=== EXERCISE AIM ===
In the listing below, locate the line with "Faux suede gasoline sweater jacket" and the line with "OMCH 5/10/20PCS SC", then output both and everything between them exactly, minus any pictures.

=== DATASET ENTRIES ===

———

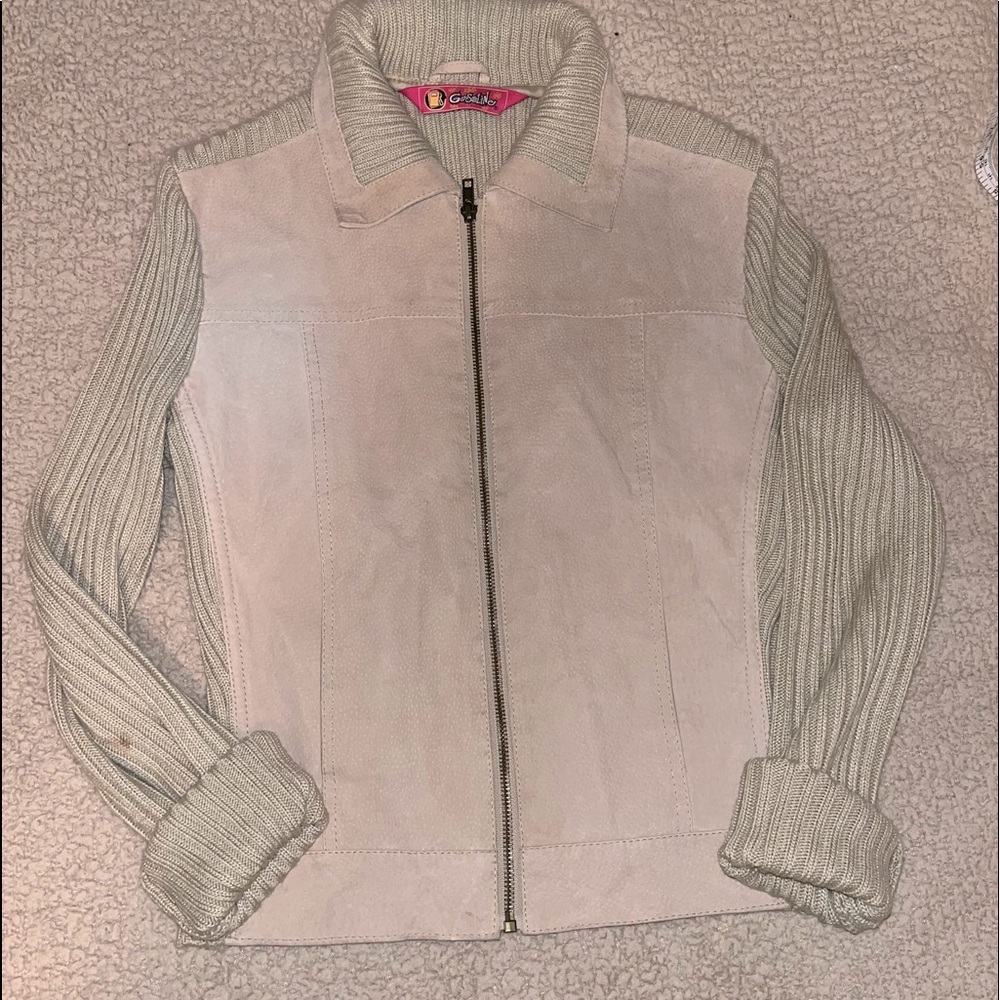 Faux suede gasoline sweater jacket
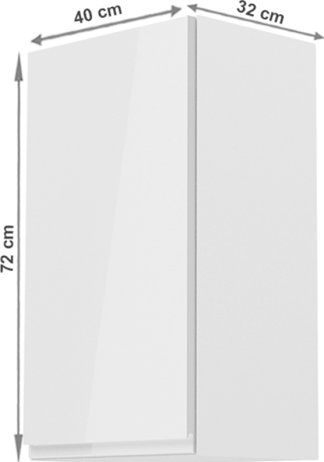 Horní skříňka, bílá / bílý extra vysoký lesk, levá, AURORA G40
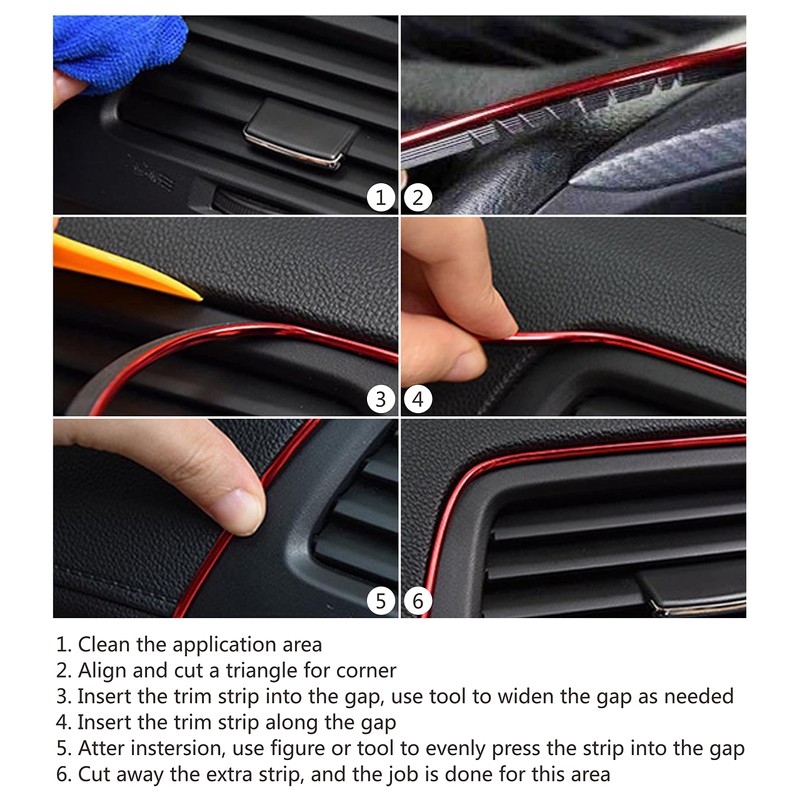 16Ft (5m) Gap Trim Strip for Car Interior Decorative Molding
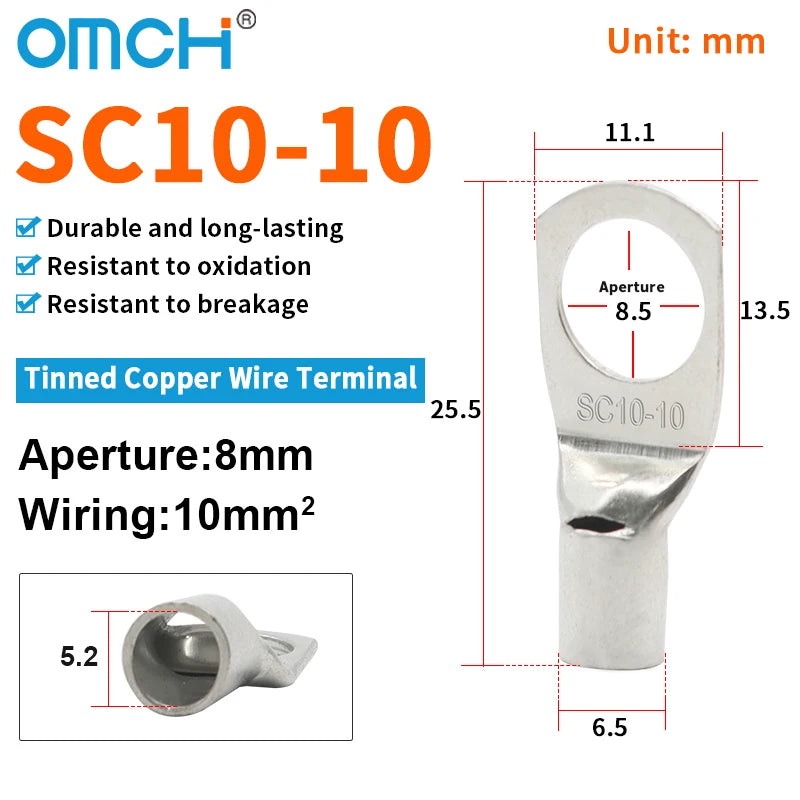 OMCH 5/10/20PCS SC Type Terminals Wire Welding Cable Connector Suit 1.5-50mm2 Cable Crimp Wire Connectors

———

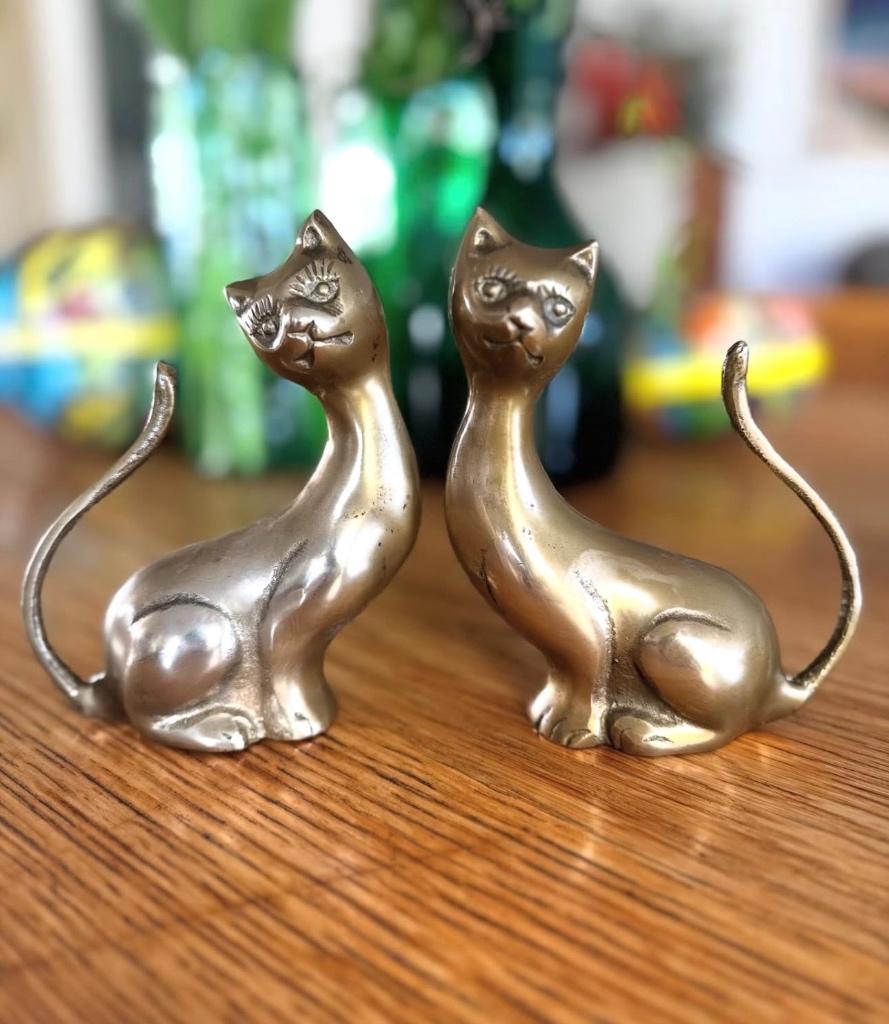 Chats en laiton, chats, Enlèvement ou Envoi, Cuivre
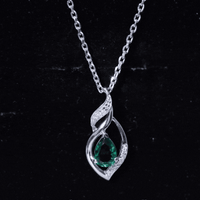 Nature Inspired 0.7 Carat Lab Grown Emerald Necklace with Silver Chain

———

=== REPLY ===
 Faux suede gasoline sweater jacket
 Horní skříňka, bílá / bílý extra vysoký lesk, levá, AURORA G40
 16Ft (5m) Gap Trim Strip for Car Interior Decorative Molding
 OMCH 5/10/20PCS SC Type Terminals Wire Welding Cable Connector Suit 1.5-50mm2 Cable Crimp Wire Connectors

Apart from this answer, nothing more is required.